Work instructions: Your answer must hold only the lines below from the line containing "town-country-lance-pest-control-technician" through the line containing "Продам газовую плиту.", each reproduced exactly.

** The input follows **

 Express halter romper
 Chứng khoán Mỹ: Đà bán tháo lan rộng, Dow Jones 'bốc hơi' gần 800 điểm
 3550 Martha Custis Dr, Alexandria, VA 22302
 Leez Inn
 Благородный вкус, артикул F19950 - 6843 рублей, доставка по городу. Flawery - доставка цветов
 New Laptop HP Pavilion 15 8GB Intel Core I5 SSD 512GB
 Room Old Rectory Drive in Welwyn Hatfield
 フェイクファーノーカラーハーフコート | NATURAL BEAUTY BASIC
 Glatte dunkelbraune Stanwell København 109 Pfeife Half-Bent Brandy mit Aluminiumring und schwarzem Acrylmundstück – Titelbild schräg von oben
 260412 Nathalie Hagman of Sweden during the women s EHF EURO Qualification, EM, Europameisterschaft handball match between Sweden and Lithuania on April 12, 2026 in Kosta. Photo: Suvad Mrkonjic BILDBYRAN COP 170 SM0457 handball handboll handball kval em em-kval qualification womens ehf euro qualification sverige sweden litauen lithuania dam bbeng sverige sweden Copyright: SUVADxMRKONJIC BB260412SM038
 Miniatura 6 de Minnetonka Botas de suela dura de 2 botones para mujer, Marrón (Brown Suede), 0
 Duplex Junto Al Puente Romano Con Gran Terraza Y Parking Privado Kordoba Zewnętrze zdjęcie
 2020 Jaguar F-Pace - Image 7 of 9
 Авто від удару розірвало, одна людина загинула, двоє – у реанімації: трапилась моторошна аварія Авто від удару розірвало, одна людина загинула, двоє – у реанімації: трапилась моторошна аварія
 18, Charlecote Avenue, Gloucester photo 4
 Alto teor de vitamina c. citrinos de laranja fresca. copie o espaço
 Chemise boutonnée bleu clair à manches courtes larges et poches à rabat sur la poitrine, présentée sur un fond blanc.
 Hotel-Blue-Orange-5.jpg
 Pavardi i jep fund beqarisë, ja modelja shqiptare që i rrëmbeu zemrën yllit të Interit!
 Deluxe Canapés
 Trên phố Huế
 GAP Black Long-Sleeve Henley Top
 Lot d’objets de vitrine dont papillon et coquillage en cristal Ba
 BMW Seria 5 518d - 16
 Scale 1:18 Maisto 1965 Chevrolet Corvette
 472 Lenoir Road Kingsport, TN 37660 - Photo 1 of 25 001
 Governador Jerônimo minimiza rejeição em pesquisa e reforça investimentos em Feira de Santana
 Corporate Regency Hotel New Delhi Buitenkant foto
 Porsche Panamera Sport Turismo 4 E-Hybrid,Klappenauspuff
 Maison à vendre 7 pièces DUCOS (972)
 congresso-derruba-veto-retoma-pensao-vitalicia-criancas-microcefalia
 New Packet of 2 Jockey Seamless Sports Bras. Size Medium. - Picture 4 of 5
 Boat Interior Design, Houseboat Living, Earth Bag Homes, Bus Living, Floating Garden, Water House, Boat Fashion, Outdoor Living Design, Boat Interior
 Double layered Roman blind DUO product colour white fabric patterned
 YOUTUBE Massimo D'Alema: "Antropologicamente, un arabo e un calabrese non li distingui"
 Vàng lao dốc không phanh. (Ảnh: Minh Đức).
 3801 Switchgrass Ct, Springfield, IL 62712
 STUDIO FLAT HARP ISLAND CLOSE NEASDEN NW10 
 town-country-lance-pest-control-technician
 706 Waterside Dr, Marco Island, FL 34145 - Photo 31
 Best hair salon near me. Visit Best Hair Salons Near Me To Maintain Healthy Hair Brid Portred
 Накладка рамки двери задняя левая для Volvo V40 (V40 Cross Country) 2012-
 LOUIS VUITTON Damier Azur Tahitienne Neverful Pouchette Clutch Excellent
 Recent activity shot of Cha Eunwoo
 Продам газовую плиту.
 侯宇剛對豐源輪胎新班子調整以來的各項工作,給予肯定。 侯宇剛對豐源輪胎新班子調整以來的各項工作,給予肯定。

** End of The input **

Output for this task:
 town-country-lance-pest-control-technician
 706 Waterside Dr, Marco Island, FL 34145 - Photo 31
 Best hair salon near me. Visit Best Hair Salons Near Me To Maintain Healthy Hair Brid Portred
 Накладка рамки двери задняя левая для Volvo V40 (V40 Cross Country) 2012-
 LOUIS VUITTON Damier Azur Tahitienne Neverful Pouchette Clutch Excellent
 Recent activity shot of Cha Eunwoo
 Продам газовую плиту.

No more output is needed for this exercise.